I have tried many different work outs and exercise routines. Pilates mat, pilates machines, all kinds of yoga -  Vinyassa, Power, Iyengar, weight training, bootcamp class, swimming, biking, running… but nothing clicks with me like Bikram Yoga. I work for Kaiser Permanente and they have this series of posters FIND YOUR THING. Find what works for you. Well, I’d found it.

After “graduation” I taught Bikram classes for about a month at a studio in San Francisco. It only took those four weeks before I decided to quit teaching. Reasons included that I was only getting $35 to teach a class, was a “contractor” so I got no benefits, was expected by my studio to attend unpaid weekly teacher pow wows, was only given about 10 classes a week to teach and then told by my studio I was forbidden to teach at a nearby competitor who had offered me work. I was barely surviving money-wise, and on top of this I kept getting pressure (again, from the studio owners) to “do more yoga,” and to start taking advanced Bikram yoga classes which I wasn’t interested in. Hell, I loved my Bikram practice but I did NOT want to live, work, eat, shit Bikram yoga 24/7. It was too much. I also found that when I taught I was depleted, sweating for two hours and really… wishing I was ON the mat instead of leading the class. 

I was really confused and let down. I decided to book an appointment with a therapist who I had seen for a year previously so she knew me well. I still remember that session and giving her the lowdown on Bikram, training, and the studio owners.  “You need to GET AWAY from these people!” she told me.
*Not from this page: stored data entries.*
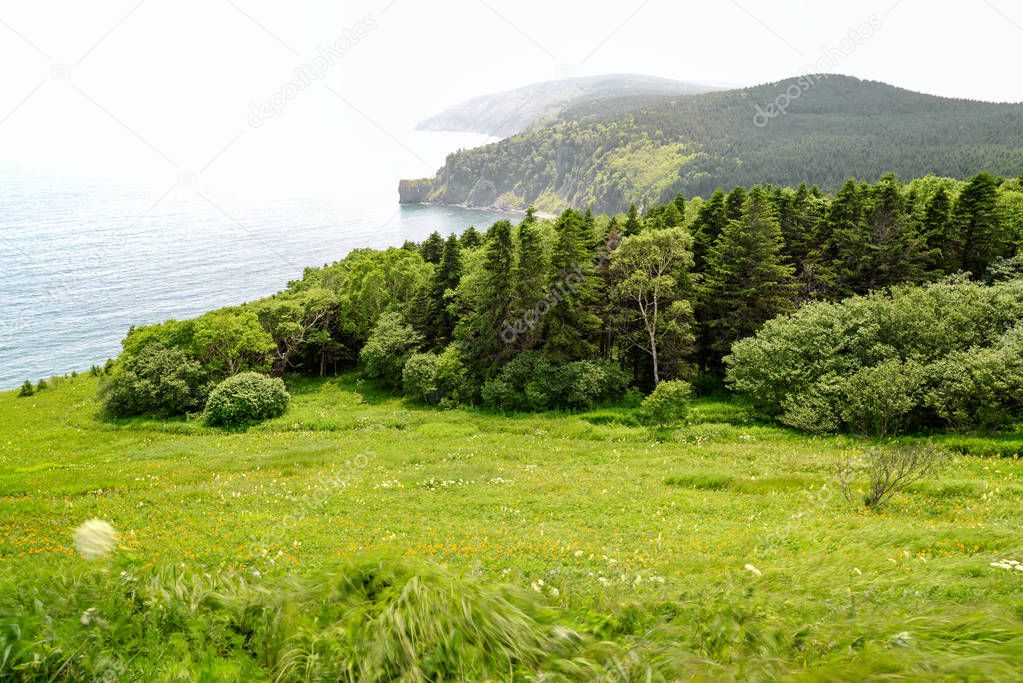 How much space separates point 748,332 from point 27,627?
1660 inches

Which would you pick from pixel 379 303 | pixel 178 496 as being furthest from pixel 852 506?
pixel 379 303

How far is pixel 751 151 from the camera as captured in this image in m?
185

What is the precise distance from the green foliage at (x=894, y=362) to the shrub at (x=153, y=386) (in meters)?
40.7

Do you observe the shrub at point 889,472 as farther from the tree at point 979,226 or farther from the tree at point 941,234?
the tree at point 979,226

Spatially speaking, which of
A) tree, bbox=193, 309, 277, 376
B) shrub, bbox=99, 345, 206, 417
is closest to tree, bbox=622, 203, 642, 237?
tree, bbox=193, 309, 277, 376

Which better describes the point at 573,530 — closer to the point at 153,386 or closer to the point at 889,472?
the point at 889,472

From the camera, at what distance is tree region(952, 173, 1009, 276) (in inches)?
1458

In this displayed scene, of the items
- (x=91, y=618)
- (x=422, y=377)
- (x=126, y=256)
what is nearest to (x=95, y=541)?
(x=91, y=618)

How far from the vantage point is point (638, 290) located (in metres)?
37.2

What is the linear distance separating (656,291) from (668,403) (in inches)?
326

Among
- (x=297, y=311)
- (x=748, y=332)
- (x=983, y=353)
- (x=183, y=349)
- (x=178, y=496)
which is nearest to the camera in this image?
(x=178, y=496)

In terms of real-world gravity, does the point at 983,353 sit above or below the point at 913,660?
below

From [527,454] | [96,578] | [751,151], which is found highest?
[751,151]

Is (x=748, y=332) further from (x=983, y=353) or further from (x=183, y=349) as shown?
(x=183, y=349) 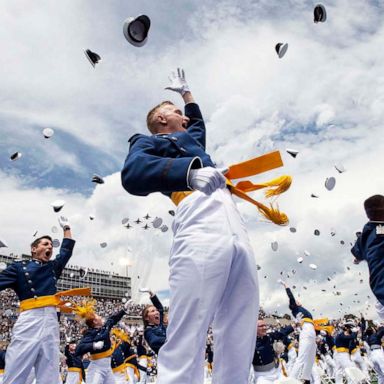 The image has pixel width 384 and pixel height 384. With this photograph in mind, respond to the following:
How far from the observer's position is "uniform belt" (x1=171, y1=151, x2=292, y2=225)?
9.12 ft

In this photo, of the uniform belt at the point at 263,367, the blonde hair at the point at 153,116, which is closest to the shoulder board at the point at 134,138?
the blonde hair at the point at 153,116

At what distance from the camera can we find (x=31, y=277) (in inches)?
247

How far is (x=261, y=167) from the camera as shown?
2.80m

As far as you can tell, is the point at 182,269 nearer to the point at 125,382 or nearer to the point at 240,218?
the point at 240,218

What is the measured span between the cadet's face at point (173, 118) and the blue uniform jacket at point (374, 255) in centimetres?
300

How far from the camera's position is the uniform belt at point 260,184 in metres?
2.78

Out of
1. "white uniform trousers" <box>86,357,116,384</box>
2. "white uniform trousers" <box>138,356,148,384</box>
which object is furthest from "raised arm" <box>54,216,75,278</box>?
"white uniform trousers" <box>138,356,148,384</box>

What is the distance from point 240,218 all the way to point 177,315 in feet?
2.55

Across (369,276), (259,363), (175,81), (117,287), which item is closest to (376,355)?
(259,363)

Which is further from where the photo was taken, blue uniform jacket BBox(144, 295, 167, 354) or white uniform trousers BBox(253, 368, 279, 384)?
white uniform trousers BBox(253, 368, 279, 384)

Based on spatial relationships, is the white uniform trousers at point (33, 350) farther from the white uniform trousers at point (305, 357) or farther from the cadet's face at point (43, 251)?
the white uniform trousers at point (305, 357)

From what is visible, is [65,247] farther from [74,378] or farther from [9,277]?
[74,378]

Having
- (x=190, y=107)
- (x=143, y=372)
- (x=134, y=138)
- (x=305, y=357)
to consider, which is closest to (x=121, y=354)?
(x=143, y=372)

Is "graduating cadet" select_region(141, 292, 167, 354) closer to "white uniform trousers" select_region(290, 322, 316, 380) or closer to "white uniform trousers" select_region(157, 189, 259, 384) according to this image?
"white uniform trousers" select_region(290, 322, 316, 380) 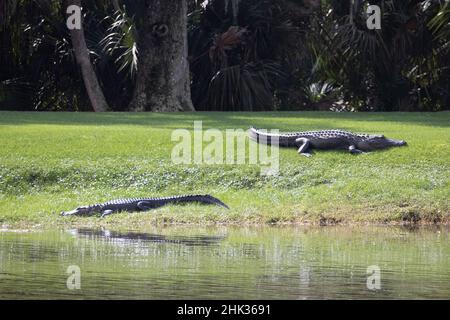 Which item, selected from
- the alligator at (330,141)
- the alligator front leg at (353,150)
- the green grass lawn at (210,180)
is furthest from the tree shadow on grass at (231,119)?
the alligator front leg at (353,150)

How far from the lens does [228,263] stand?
11.1m

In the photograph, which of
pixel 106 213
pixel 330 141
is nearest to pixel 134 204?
pixel 106 213

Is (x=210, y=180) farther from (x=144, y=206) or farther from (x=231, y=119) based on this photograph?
(x=231, y=119)

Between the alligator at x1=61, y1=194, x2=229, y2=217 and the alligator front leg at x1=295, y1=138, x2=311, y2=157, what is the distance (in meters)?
2.54

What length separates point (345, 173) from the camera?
16875mm

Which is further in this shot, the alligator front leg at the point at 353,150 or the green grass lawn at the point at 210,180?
the alligator front leg at the point at 353,150

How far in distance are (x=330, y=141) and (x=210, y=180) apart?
7.89 feet

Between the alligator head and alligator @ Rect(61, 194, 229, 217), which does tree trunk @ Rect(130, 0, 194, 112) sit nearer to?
the alligator head

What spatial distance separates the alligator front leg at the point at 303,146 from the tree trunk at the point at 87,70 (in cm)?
1073

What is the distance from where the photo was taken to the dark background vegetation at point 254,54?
1156 inches

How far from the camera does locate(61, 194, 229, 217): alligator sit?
15.3m

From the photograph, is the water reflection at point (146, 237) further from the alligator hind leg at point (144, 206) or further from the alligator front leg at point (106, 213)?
the alligator hind leg at point (144, 206) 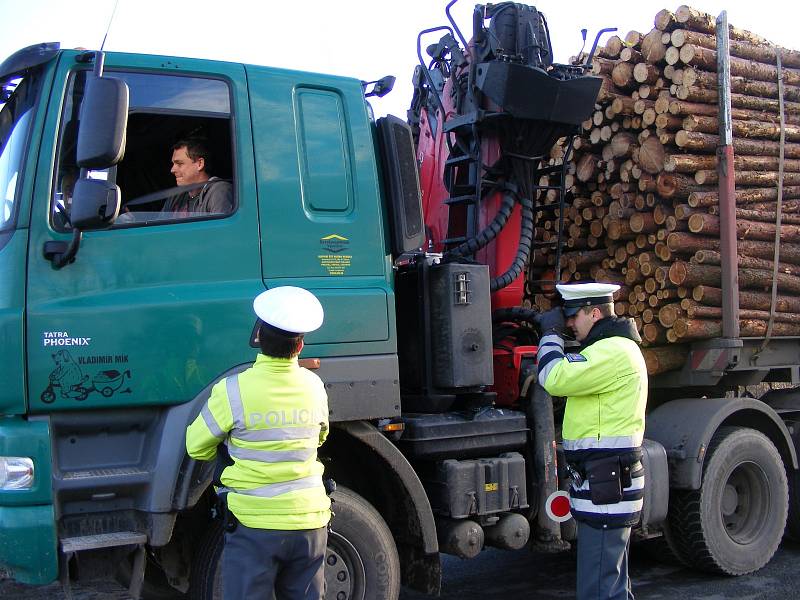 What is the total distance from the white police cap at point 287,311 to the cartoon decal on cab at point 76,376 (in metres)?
0.84

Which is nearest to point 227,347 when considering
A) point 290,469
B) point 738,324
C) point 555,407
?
point 290,469

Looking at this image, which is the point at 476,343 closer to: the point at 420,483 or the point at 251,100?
the point at 420,483

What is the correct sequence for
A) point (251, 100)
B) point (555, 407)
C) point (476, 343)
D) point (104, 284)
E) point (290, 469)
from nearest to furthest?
point (290, 469)
point (104, 284)
point (251, 100)
point (476, 343)
point (555, 407)

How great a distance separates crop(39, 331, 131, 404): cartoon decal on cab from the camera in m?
3.52

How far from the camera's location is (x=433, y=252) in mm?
5582

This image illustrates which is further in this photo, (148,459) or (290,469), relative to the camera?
(148,459)

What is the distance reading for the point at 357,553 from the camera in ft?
13.1

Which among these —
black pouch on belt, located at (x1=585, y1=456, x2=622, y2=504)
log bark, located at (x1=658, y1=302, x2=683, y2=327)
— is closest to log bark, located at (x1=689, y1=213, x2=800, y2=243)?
log bark, located at (x1=658, y1=302, x2=683, y2=327)

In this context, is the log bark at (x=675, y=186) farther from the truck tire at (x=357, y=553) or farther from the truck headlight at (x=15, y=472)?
the truck headlight at (x=15, y=472)

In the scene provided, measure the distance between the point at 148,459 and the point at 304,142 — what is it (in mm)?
1622

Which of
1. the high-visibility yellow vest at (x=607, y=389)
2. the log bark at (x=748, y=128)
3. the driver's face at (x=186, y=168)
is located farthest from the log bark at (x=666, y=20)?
the driver's face at (x=186, y=168)

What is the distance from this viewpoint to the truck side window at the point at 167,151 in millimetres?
3689

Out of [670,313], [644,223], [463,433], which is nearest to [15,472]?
[463,433]

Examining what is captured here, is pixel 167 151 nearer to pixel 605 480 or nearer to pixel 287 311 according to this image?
pixel 287 311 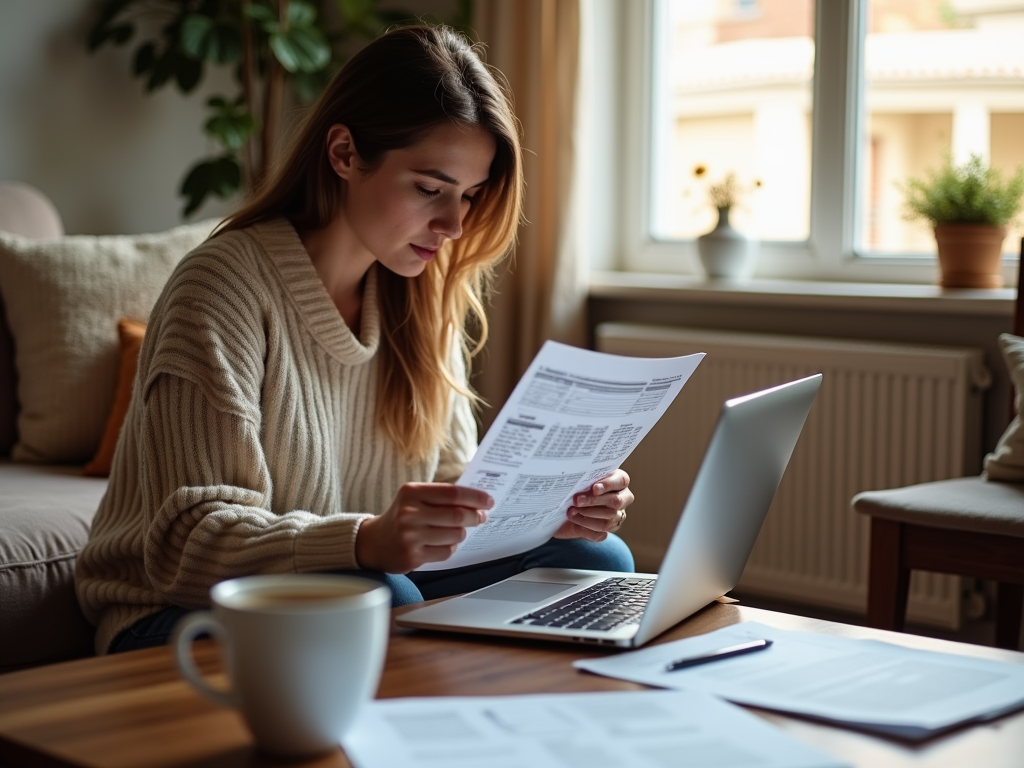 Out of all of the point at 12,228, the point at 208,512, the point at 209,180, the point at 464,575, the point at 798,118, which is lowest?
the point at 464,575

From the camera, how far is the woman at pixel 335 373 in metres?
1.16

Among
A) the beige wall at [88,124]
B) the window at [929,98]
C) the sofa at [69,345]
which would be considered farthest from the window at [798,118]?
the sofa at [69,345]

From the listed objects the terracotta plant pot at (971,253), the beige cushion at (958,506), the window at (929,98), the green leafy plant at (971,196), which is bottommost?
the beige cushion at (958,506)

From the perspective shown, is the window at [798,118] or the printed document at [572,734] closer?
the printed document at [572,734]

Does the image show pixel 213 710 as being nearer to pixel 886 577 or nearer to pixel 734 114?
pixel 886 577

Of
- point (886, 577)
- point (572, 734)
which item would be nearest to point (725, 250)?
point (886, 577)

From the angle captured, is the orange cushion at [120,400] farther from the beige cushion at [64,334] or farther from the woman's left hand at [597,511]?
the woman's left hand at [597,511]

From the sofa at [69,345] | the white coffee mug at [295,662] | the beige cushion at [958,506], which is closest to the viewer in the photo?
the white coffee mug at [295,662]

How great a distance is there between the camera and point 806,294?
2.51m

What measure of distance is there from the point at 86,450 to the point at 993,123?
190 cm

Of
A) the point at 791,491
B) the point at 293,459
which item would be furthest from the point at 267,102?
the point at 293,459

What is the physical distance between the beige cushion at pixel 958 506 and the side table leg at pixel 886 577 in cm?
3

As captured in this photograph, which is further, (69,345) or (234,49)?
(234,49)

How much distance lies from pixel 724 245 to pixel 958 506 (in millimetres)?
1085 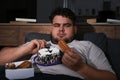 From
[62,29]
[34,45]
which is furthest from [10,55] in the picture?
[62,29]

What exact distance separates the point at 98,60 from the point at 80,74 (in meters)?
0.25

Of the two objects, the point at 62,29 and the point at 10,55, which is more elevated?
the point at 62,29

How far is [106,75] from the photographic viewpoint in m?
2.12

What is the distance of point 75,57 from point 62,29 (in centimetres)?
63

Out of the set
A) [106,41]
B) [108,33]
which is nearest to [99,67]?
[106,41]

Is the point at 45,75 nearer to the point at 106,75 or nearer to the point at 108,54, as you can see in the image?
the point at 106,75

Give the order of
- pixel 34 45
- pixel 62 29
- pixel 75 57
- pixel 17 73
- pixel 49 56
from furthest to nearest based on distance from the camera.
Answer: pixel 62 29, pixel 34 45, pixel 49 56, pixel 17 73, pixel 75 57

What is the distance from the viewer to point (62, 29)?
2.50 m

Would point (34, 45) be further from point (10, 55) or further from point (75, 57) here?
point (75, 57)

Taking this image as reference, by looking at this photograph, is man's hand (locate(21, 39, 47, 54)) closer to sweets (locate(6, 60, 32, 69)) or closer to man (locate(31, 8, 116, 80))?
man (locate(31, 8, 116, 80))

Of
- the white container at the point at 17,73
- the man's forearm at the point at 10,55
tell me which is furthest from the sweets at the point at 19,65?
the man's forearm at the point at 10,55

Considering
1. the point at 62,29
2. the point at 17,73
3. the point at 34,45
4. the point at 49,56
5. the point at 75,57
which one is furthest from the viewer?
the point at 62,29

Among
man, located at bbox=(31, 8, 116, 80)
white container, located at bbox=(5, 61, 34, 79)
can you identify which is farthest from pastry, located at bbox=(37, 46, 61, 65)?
white container, located at bbox=(5, 61, 34, 79)

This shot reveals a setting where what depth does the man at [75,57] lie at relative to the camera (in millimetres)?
1996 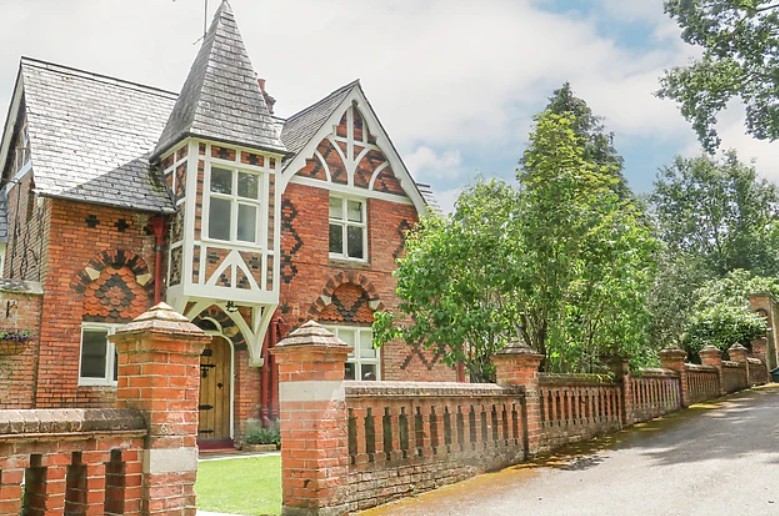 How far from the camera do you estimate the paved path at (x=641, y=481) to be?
7.23 m

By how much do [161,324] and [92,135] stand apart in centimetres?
1191

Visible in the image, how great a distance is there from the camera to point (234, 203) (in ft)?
49.5

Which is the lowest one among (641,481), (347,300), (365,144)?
(641,481)

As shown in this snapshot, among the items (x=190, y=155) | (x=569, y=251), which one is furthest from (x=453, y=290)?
(x=190, y=155)

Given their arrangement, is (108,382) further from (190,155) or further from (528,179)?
(528,179)

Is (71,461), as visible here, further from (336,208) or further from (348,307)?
(336,208)

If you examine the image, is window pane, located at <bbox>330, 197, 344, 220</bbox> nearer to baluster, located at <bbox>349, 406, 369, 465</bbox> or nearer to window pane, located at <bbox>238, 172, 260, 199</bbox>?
window pane, located at <bbox>238, 172, 260, 199</bbox>

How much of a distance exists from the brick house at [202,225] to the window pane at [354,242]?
5cm

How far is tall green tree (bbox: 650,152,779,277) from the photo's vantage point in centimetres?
4688

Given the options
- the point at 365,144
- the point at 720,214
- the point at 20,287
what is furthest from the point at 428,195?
the point at 720,214

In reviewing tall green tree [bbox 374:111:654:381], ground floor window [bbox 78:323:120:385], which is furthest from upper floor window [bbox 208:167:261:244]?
tall green tree [bbox 374:111:654:381]

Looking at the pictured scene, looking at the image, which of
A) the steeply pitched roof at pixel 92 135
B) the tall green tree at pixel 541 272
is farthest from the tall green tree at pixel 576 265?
the steeply pitched roof at pixel 92 135

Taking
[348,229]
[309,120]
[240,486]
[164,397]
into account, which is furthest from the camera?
[309,120]

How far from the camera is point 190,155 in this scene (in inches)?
574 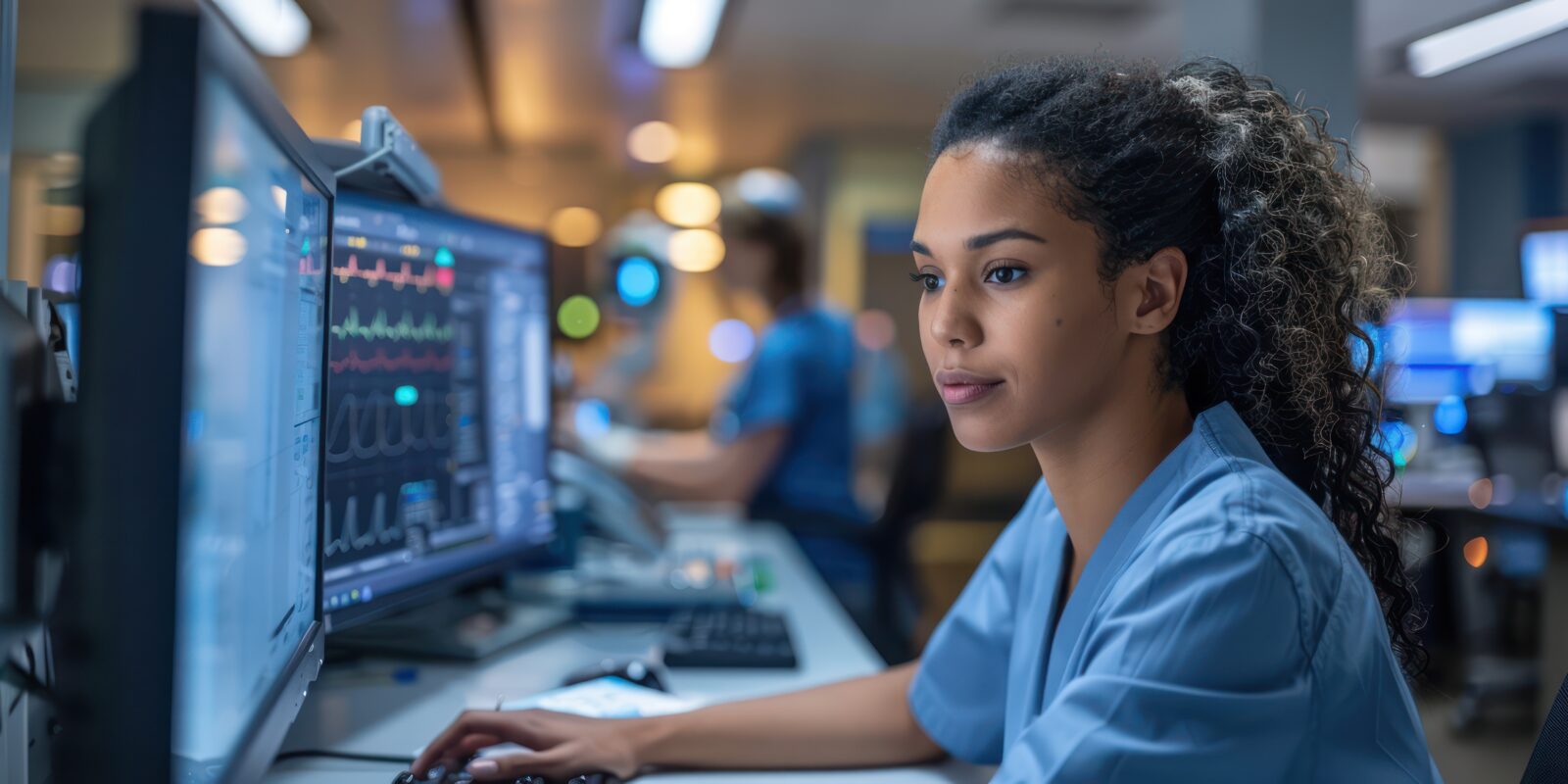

So I did. I quit teaching and took a “yoga break.”  I knew I loved Bikram yoga as a practice, and that’d I be back. But inside I just felt like something with Bikram was “off.” I didn’t want to personally represent him. I didn’t want him to have me as a spokesperson, I didn’t feel like he deserved it. This was one of the best choices I ever made. Ten years later, as some of Bikram’s darker character started leaking out, allegations of sexual harassment, abuse of students, even rumors of rape — I felt… so vindicated. Finally. (Gotta note here that the 2012 book, Hellbent for Yoga, by Benjamin Lorr, was a brave and awesome outing of Bikram’s bullshit.)

I’ve been practicing Bikram yoga for over 18 years. I like to call it “Hot Yoga” these days. I never get tired of it. Right now, I can’t wait to do it tonight. I have told people about the yoga so passionately that I recall one person asking me if I got paid if I recruited people to go to class! I don’t of course. But it has changed my life. I don’t know how to explain it. Once you make it through the heat, exhaustion, workout, you feel different. You feel and see your body change. Your mind changes. For this, the gift of this series, I am thankful to Bikram. But for everything else, he can, as I  wanted to say to him all those years ago and never did, FUCK OFF. And for his crimes and general shitiness as a human being, I really hope his peace is stolen. Namaste.